Activity: Beginning at the line that holds "[甘肅省]測繪資質需房地產經濟師嗎，房產測繪資質證書", repeat every line through the last line of the material, exactly, and drop any pictures.

----

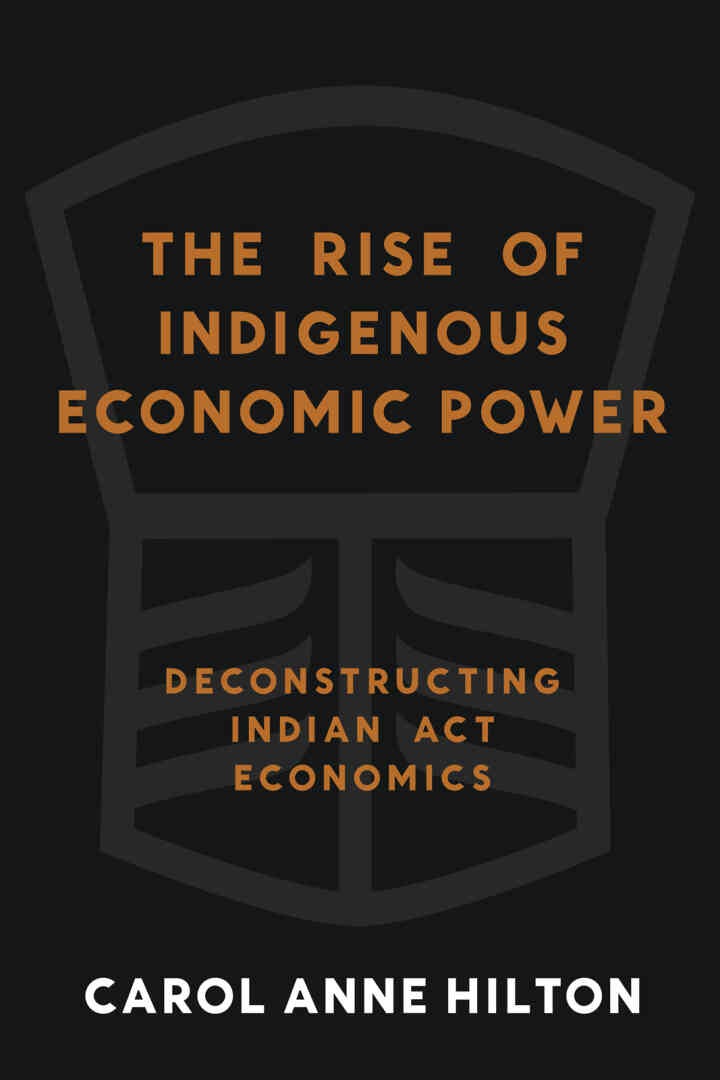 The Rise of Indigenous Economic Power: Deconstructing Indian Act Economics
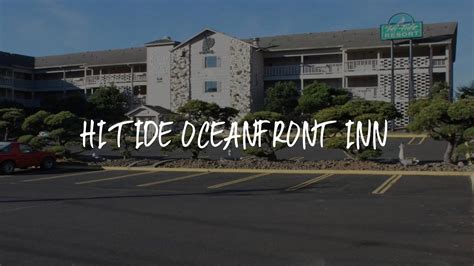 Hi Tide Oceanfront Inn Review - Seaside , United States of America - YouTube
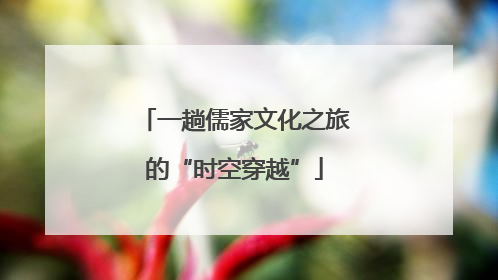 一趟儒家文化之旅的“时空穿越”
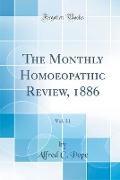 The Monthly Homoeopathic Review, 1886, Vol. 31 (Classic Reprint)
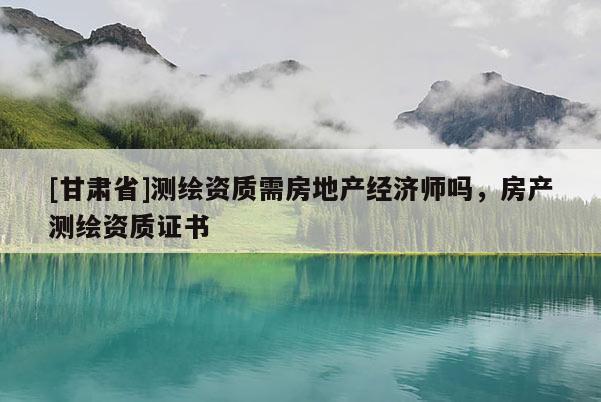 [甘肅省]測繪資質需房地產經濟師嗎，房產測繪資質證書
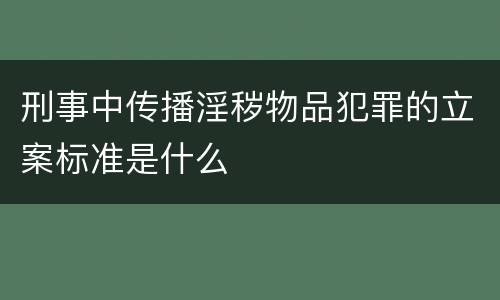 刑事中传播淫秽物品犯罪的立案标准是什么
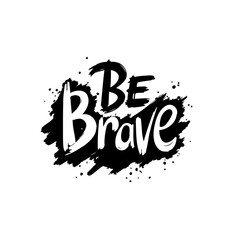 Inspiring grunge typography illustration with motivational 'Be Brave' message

----

Exercise answer:
 [甘肅省]測繪資質需房地產經濟師嗎，房產測繪資質證書
 刑事中传播淫秽物品犯罪的立案标准是什么
 Inspiring grunge typography illustration with motivational 'Be Brave' message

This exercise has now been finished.